EXERCISE INSTRUCTIONS: Line by line, repeat the material below exactly and skip the images.

RECORD EXTRACTS:
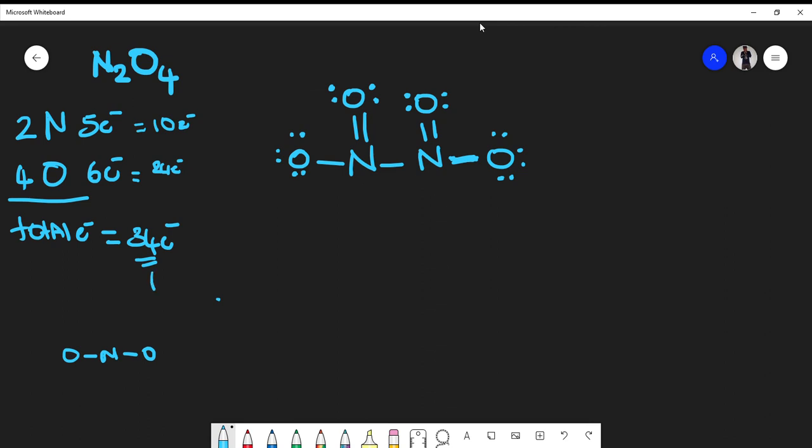Now let's count the total number of electrons, because this is important. Counting all electrons in the structure: two, four, six, eight, ten, twelve, fourteen, sixteen, eighteen, twenty, twenty-two, twenty-six, twenty-eight, thirty, thirty-two, thirty-four. This is a plausible Lewis structure for N2O4 because we've satisfied all octets and we've used the exact same number of electrons we originally counted — total electrons equals thirty-four.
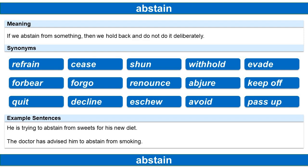The synonyms of the word: refrain, cease, shun, withhold, evade, forbear, forgo, renounce, abjure, keep off, quit, decline, eschew, avoid, pass up.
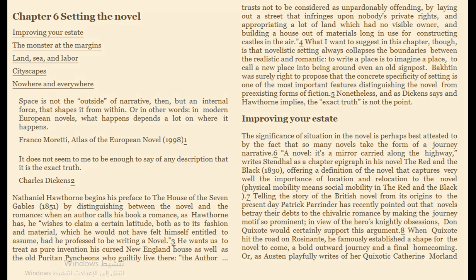Then we have chapter six: setting in the novel. When we talk about setting, we are discussing where and when — time and place. When we read a story, we need to understand where the story occurred and where the characters have been. Is it a fictional, imaginary place or a real place? For time, you consider whether it is set in the 19th century, the 18th century, one year, one month, or even just one day — this depends on the writer.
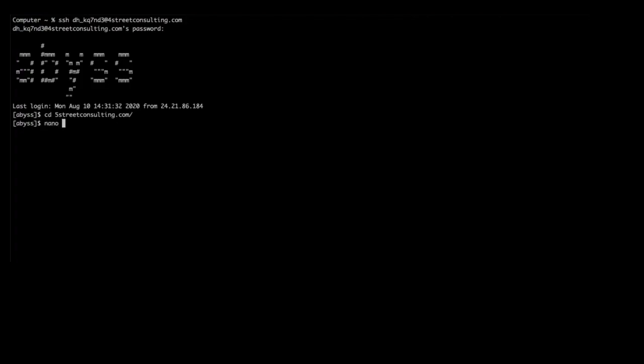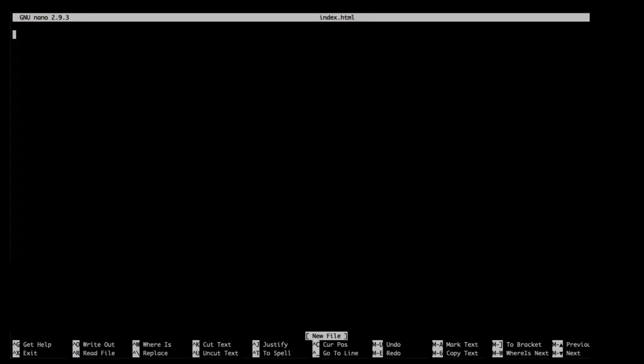For example, if you wish to create or edit a new file named index.html, run the following: nano index.html. Hit enter and a new file will open named index.html. Start typing your data into the file.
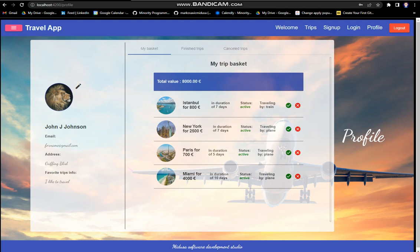Welcome back. Everything we added is now visible in our basket, and we have this total value. It's a function that's making a sum for all our active trips in our basket.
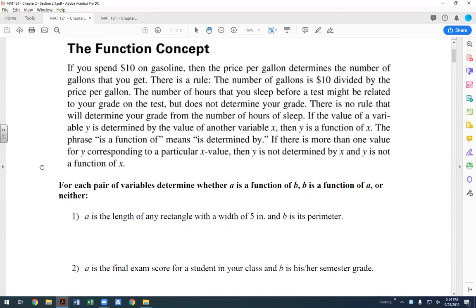With the gasoline example, at $2.50 a gallon spending ten dollars, you should only get one answer for how many gallons — not two different values. With the sleep example, two people could sleep the same number of hours, say seven hours, and one gets a 60 and the other gets an 80 on the exam. Same x value, two different y values — that's when it's not a function.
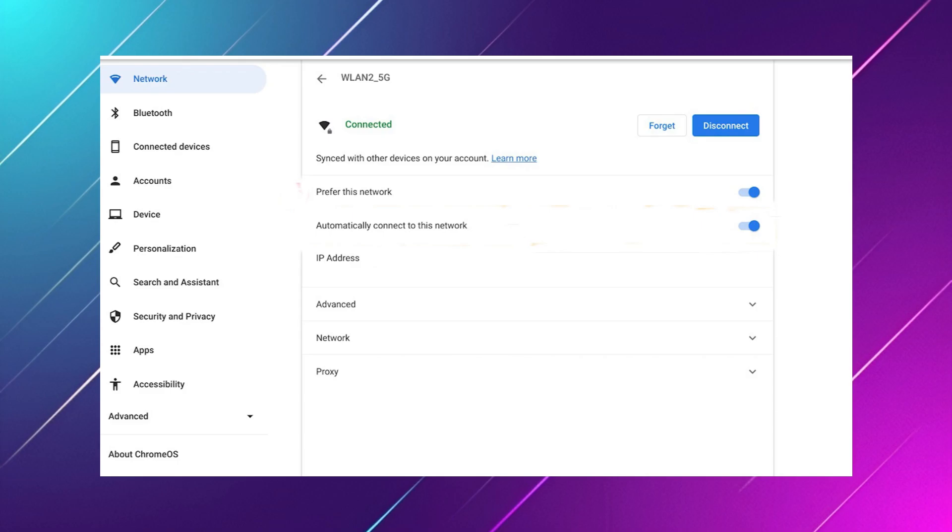After updating, reconnect to your Wi-Fi again. So that's basically how you can fix error configuring network on Chromebook.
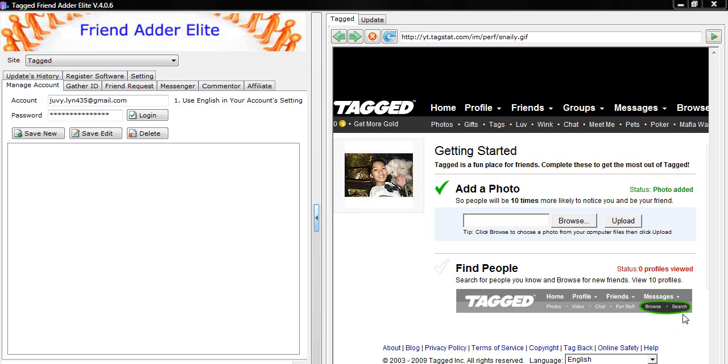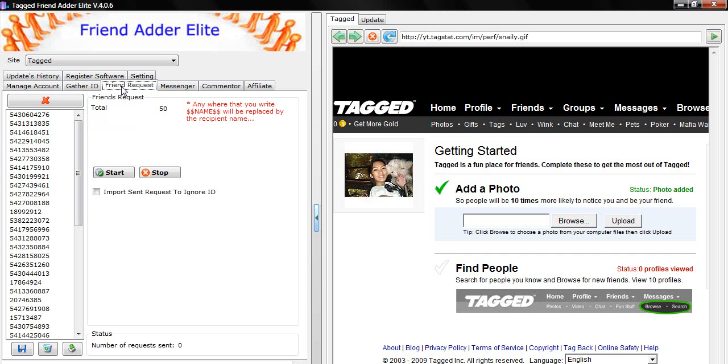First, you go into the Manage Account tab. Log in to your Tagged account. Once you are logged in to your account, then go to the FriendRequest tab.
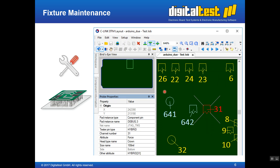Another use case is fixture maintenance. In case a fixture has contact problems and the PCB contacting is not good, the fixture needs to be maintained and reworked. The fixture layout can be displayed in the graphical view. All properties are available such as the channel number, head type, diameter, and whether it is used on the top or bottom side. For example, if a nail is broken and it's not clear what nail needs to replace it, this information is available online on the maintenance engineer's computer — no paperwork needed. All information is online, available, and up to date.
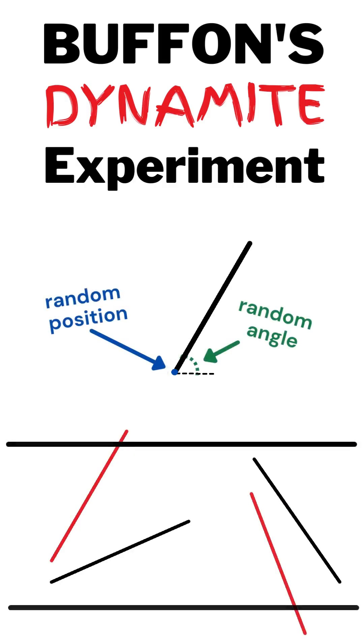For each needle, we choose a random position and a random angle. If the needle intersects a trigger line, we color it red.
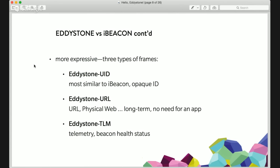Does that mean Eddystone is better than iBeacon? Clearly the answer is no — it doesn't mean it's better. It just means it's been defined to have different potentials. It's just different. That's the high level overview.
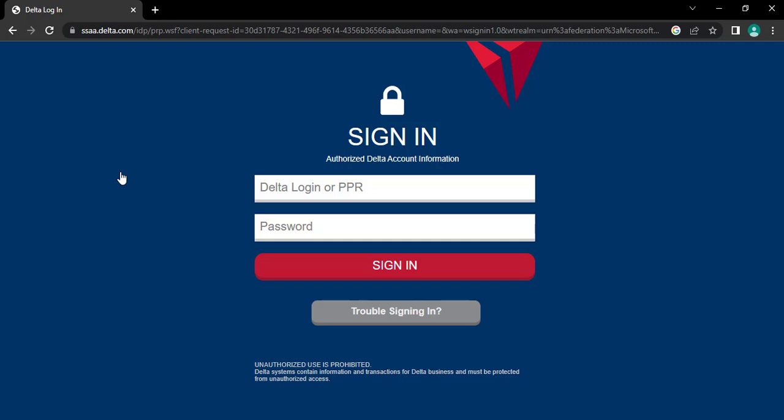Here, you have to type in your Delta Login or PPR and your account password. Type in your PPR and password.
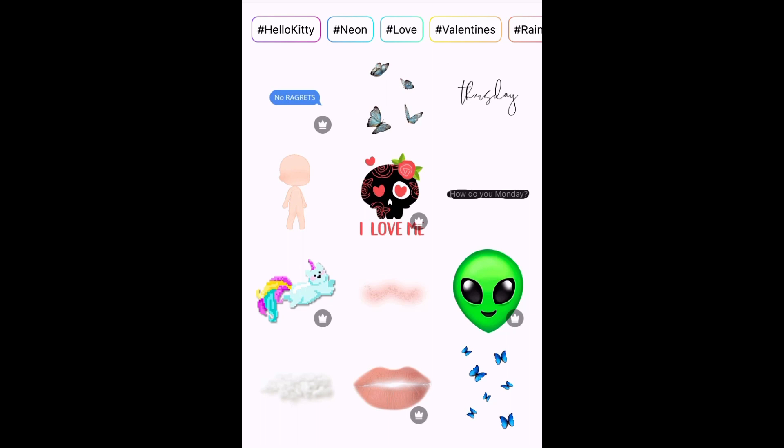I'm going to erase where my face is so it won't look weird, and where my hand is. Then I'm going to put some emojis — I'll just use the emojis they have on here.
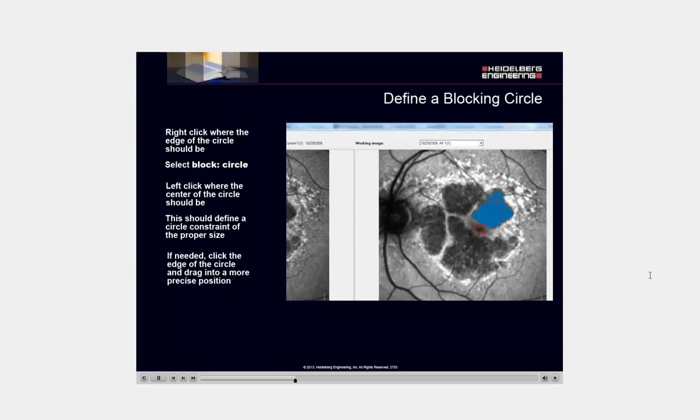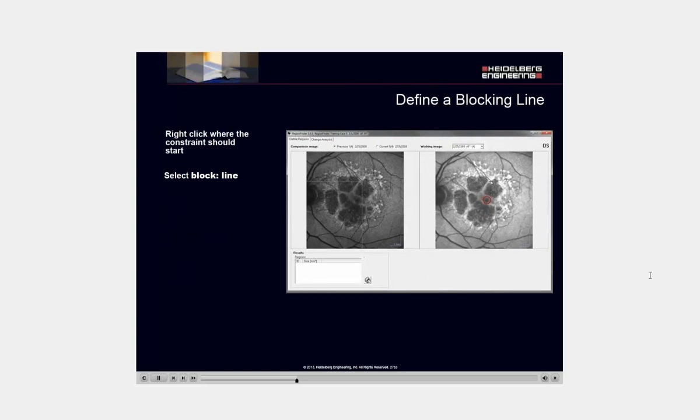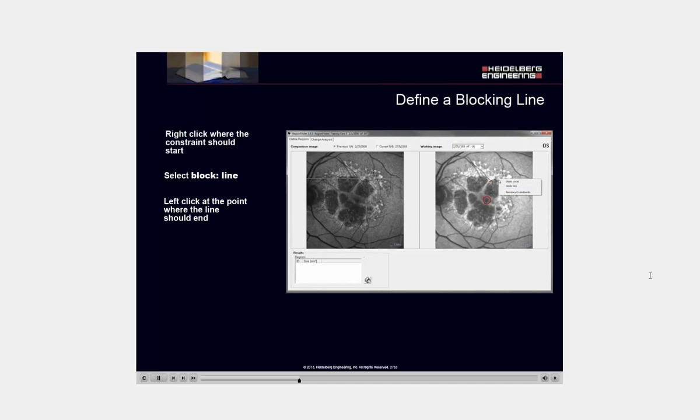Right-click where the constraint should start. Select Block Line. Left-click at the point where the line should end. If needed, click and drag the line into a more precise position.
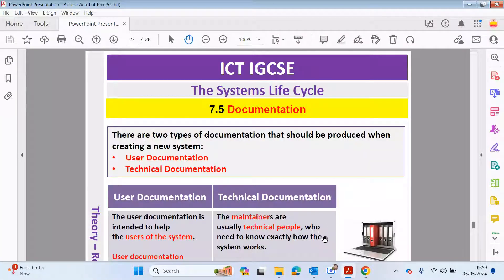Hello guys, welcome back to my YouTube channel. My name is Shastor Ahmed. In this video, we're going to be looking at the systems life cycle. This is now part three, and this is from the ICTI-GCC course, chapter seven.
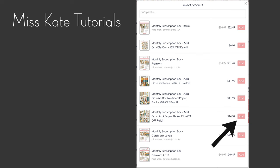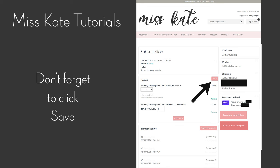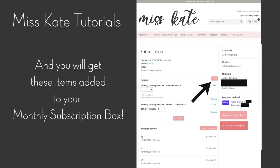Add what you would like, and then make sure you click Save or it won't work. This will make it so you get these items added to your monthly subscription box.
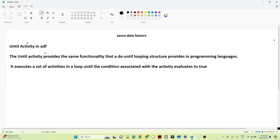In this video we are going to understand the Until activity in Azure Data Factory. First we'll understand the use case of the Until activity, and with a practical example we'll see how to use it.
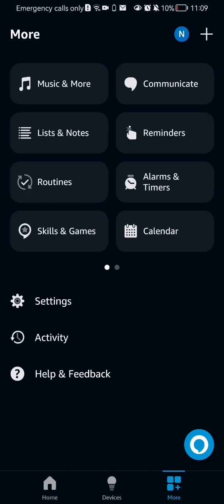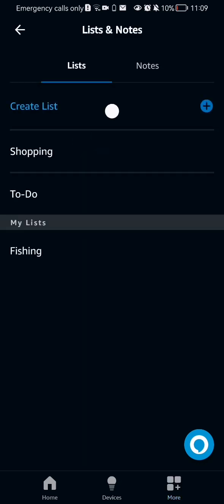And here in the first column, the second option is lists and notes. And if you press on it, it will take you to the page where all of your lists are.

ANSWER:
Now let's count the total number of electrons, because this is important. Counting all electrons in the structure: two, four, six, eight, ten, twelve, fourteen, sixteen, eighteen, twenty, twenty-two, twenty-six, twenty-eight, thirty, thirty-two, thirty-four. This is a plausible Lewis structure for N2O4 because we've satisfied all octets and we've used the exact same number of electrons we originally counted — total electrons equals thirty-four.
The synonyms of the word: refrain, cease, shun, withhold, evade, forbear, forgo, renounce, abjure, keep off, quit, decline, eschew, avoid, pass up.
Then we have chapter six: setting in the novel. When we talk about setting, we are discussing where and when — time and place. When we read a story, we need to understand where the story occurred and where the characters have been. Is it a fictional, imaginary place or a real place? For time, you consider whether it is set in the 19th century, the 18th century, one year, one month, or even just one day — this depends on the writer.
For example, if you wish to create or edit a new file named index.html, run the following: nano index.html. Hit enter and a new file will open named index.html. Start typing your data into the file.
Welcome back. Everything we added is now visible in our basket, and we have this total value. It's a function that's making a sum for all our active trips in our basket.
With the gasoline example, at $2.50 a gallon spending ten dollars, you should only get one answer for how many gallons — not two different values. With the sleep example, two people could sleep the same number of hours, say seven hours, and one gets a 60 and the other gets an 80 on the exam. Same x value, two different y values — that's when it's not a function.
After updating, reconnect to your Wi-Fi again. So that's basically how you can fix error configuring network on Chromebook.
First, you go into the Manage Account tab. Log in to your Tagged account. Once you are logged in to your account, then go to the FriendRequest tab.
Another use case is fixture maintenance. In case a fixture has contact problems and the PCB contacting is not good, the fixture needs to be maintained and reworked. The fixture layout can be displayed in the graphical view. All properties are available such as the channel number, head type, diameter, and whether it is used on the top or bottom side. For example, if a nail is broken and it's not clear what nail needs to replace it, this information is available online on the maintenance engineer's computer — no paperwork needed. All information is online, available, and up to date.
For each needle, we choose a random position and a random angle. If the needle intersects a trigger line, we color it red.
Does that mean Eddystone is better than iBeacon? Clearly the answer is no — it doesn't mean it's better. It just means it's been defined to have different potentials. It's just different. That's the high level overview.
Here, you have to type in your Delta Login or PPR and your account password. Type in your PPR and password.
I'm going to erase where my face is so it won't look weird, and where my hand is. Then I'm going to put some emojis — I'll just use the emojis they have on here.
Right-click where the constraint should start. Select Block Line. Left-click at the point where the line should end. If needed, click and drag the line into a more precise position.
Hello guys, welcome back to my YouTube channel. My name is Shastor Ahmed. In this video, we're going to be looking at the systems life cycle. This is now part three, and this is from the ICTI-GCC course, chapter seven.
Add what you would like, and then make sure you click Save or it won't work. This will make it so you get these items added to your monthly subscription box.
In this video we are going to understand the Until activity in Azure Data Factory. First we'll understand the use case of the Until activity, and with a practical example we'll see how to use it.
And here in the first column, the second option is lists and notes. And if you press on it, it will take you to the page where all of your lists are.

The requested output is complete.